INFORMATION SHOWN:
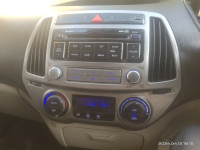 Pearl White Hyundai i20 Type 2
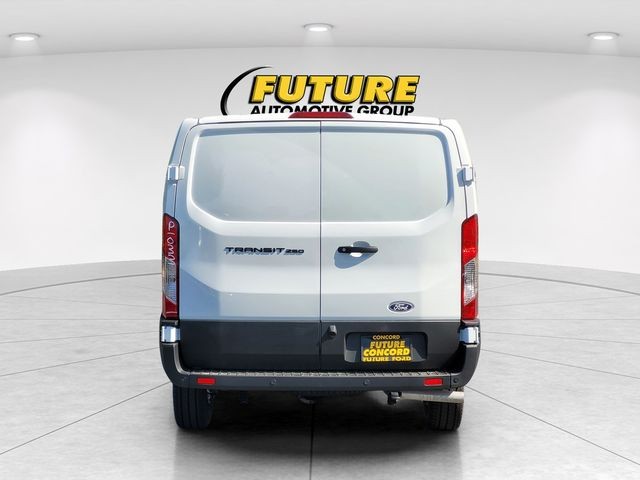 New 2026 Oxford White Ford Cargo Van image 4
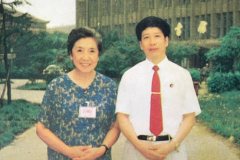 樂天大師與科學家孫漢芳教授在一起。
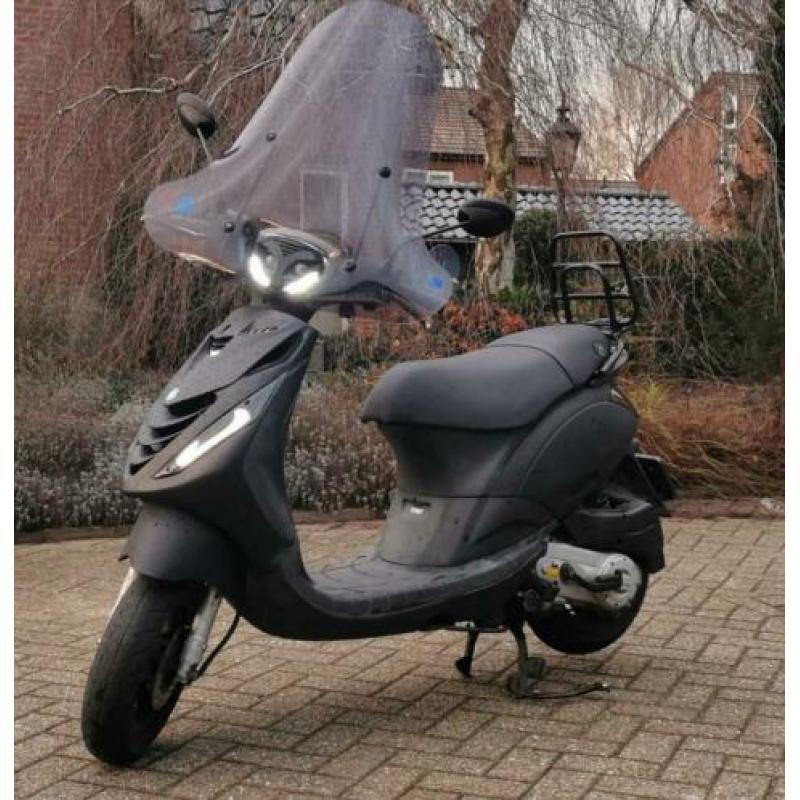Piaggio Zip full option Blauw kenteken 50cc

TASK TO CARRY OUT:
The listing above, line by line: print it exactly, but not its pictures.

SOLUTION TO THIS EXERCISE:
 Pearl White Hyundai i20 Type 2
 New 2026 Oxford White Ford Cargo Van image 4
 樂天大師與科學家孫漢芳教授在一起。
Piaggio Zip full option Blauw kenteken 50cc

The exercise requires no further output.